The Division I Council voted Wednesday to push the start date back from the originally scheduled Nov. 10 as one of several precautions against the spread of coronavirus.

The later start date coincides with the decision most schools made to send students home from Thanksgiving until January out of concern about a potential late-fall and early-winter flareup of COVID-19. Closed campuses could serve as a quasi bubble for players and provide a window for non-conference games.

The maximum number of regular-season games has been reduced from 31 to 27. The minimum number of games for consideration for the NCAA Tournament was cut from 25 to 13.

Teams can start preseason practices Oct. 14 but will be allowed to work out 12 hours per week beginning Monday.

No scrimmages against other teams or exhibitions are allowed.

In other action, the council voted to extend the recruiting dead period for all sports through Dec. 31. In-person recruiting is not allowed during a dead period, though phone calls and other correspondence are allowed.
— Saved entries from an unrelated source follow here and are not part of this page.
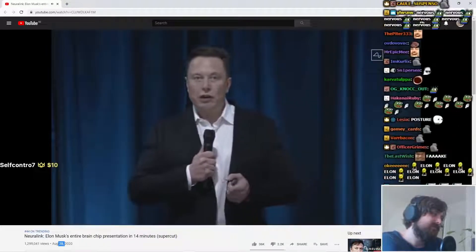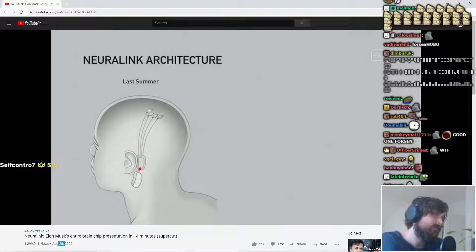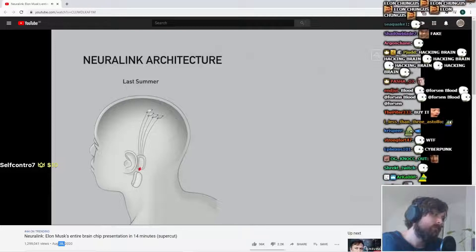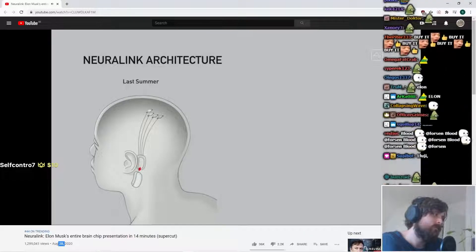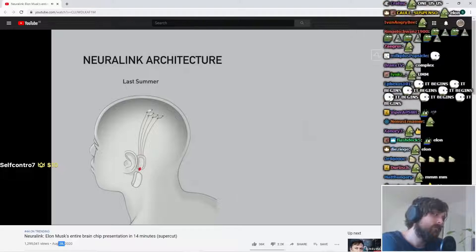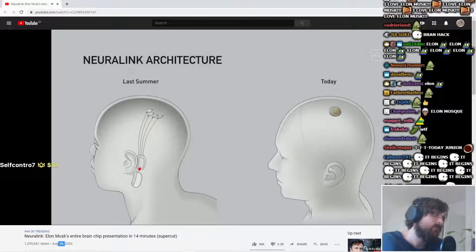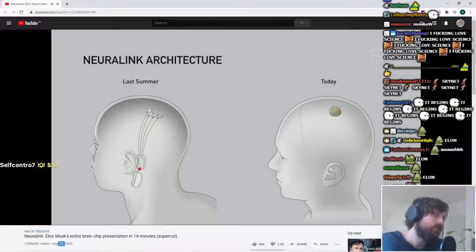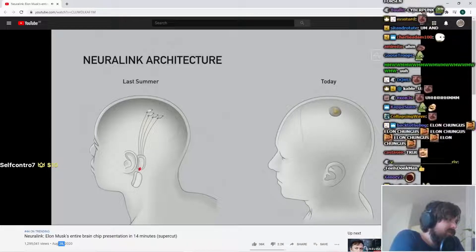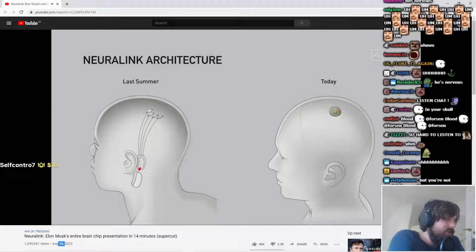Going into the Neuralink architecture, what we've done over the past year is dramatically simplifying the device. About a year ago, we had a device which had multiple parts, including a piece that had to sort of sit behind your ear — and it was complex. You wouldn't still look totally normal; you'd have a thing behind your ear. So we've simplified this to something that goes in your skull, replaces a piece of skull, and the wires connect within a few centimeters or about an inch away from the device.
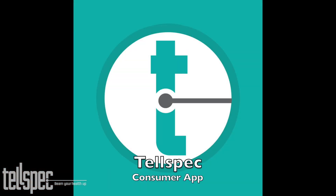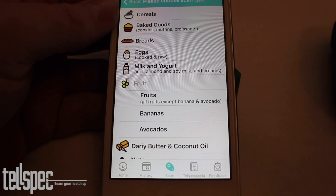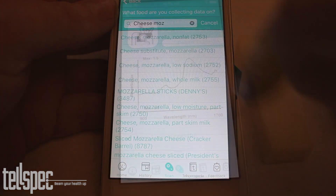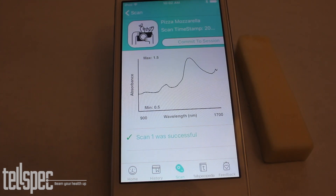Now we'd like to cover the TelSpec app. This is the consumer app and consists of two parts. The first part is for consumer use, and the second part is for commercial use and for data collection within TelSpec. This facilitates the gathering of information to be uploaded to our cloud.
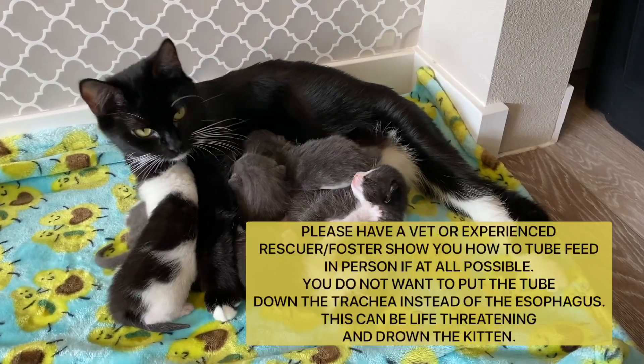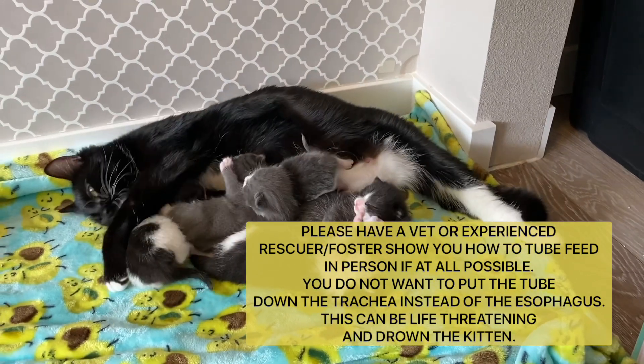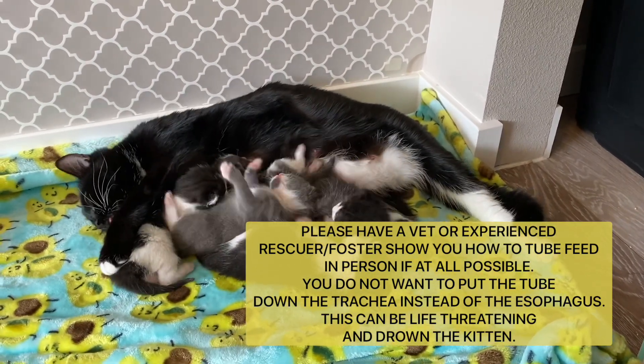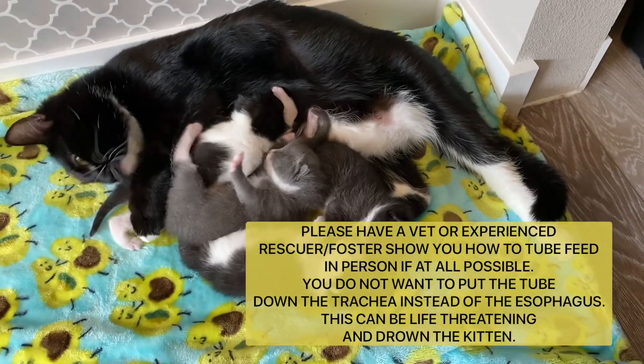I do want to start by saying that this can be dangerous and potentially life-threatening if done incorrectly. So please, if possible, have your veterinarian or vet staff show you how to tube feed in person first.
The men’s and women’s basketball oversight committees had jointly recommended a start date of Nov. 21, which would have allowed for games to be played on the weekend before Thanksgiving. The council opted not to do that to avoid a conflict with regular-season football games.

The council is scheduled to meet again Oct. 13-14 and could delay the start date and change other pieces of the basketball framework if circumstances surrounding the virus warrant.